Exercise objective: For this exercise, write out only the lines of the entries below from the one with "This one shows" up to and including the one with "You can follow", exactly as they are. Pictures stay out.

Records for the exercise:
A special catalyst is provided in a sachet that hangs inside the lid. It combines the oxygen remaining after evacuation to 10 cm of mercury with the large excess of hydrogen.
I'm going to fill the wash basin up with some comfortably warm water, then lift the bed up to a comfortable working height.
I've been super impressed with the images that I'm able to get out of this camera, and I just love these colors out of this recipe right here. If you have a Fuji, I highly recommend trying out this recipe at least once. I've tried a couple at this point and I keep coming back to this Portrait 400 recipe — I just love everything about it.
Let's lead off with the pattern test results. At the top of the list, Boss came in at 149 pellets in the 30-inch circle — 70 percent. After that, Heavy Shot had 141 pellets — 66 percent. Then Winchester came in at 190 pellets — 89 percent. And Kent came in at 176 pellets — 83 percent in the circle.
* * *
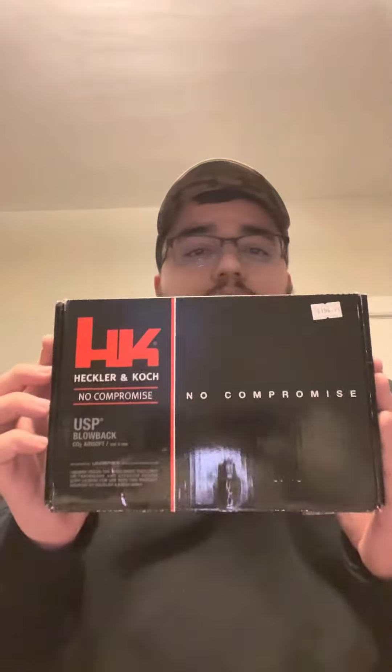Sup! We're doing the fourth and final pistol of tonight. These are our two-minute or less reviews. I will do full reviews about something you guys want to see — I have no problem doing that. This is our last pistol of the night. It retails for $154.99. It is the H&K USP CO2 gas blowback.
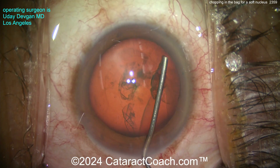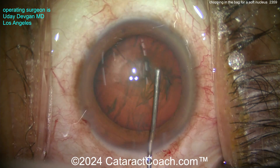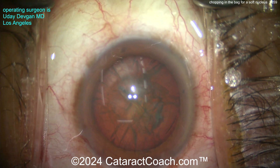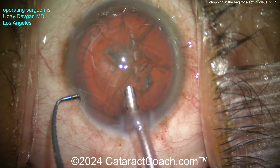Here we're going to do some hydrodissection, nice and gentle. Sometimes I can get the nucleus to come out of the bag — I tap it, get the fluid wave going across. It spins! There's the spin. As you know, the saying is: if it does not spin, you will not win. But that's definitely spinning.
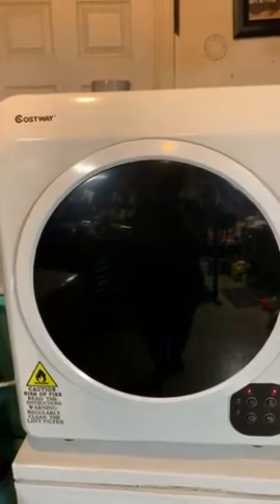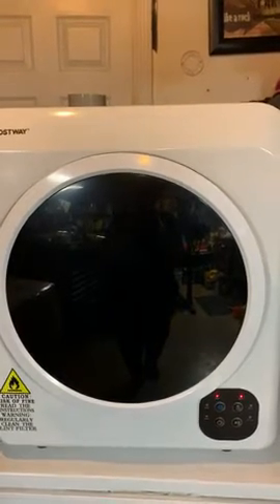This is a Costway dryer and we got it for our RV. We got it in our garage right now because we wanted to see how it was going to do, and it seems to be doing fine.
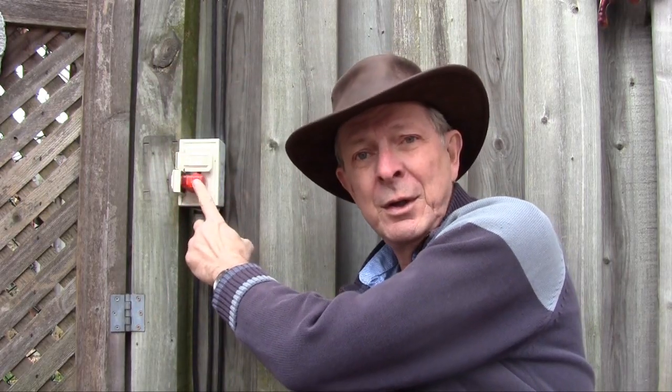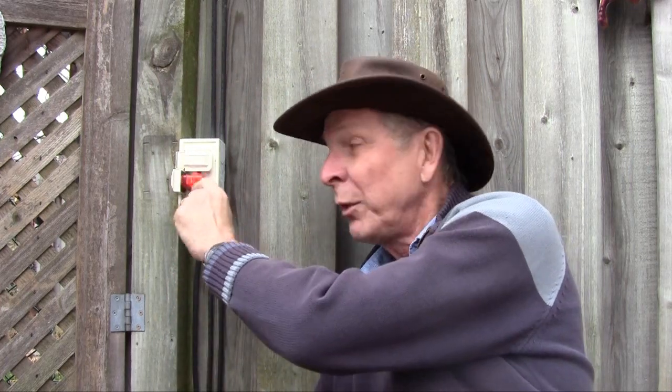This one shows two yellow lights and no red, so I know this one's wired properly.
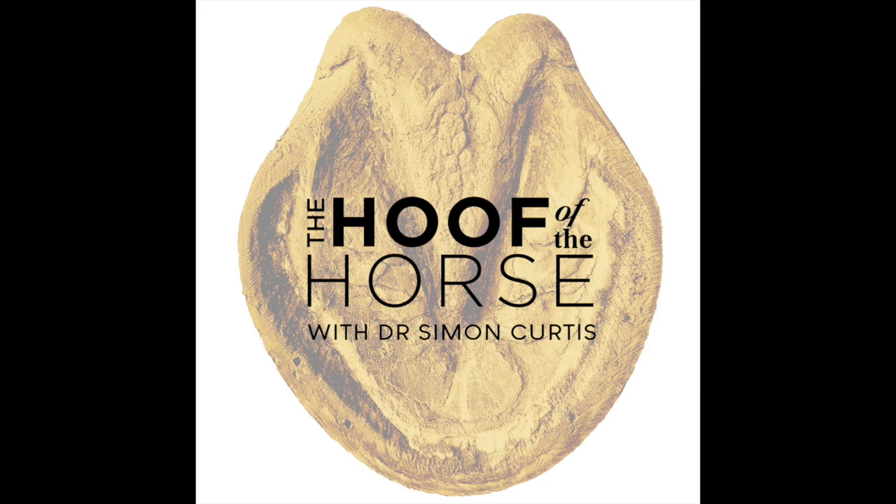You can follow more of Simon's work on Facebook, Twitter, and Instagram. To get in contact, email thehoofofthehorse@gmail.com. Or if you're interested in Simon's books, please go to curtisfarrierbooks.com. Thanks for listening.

Solution for this exercise:
This one shows two yellow lights and no red, so I know this one's wired properly.
You can follow more of Simon's work on Facebook, Twitter, and Instagram. To get in contact, email thehoofofthehorse@gmail.com. Or if you're interested in Simon's books, please go to curtisfarrierbooks.com. Thanks for listening.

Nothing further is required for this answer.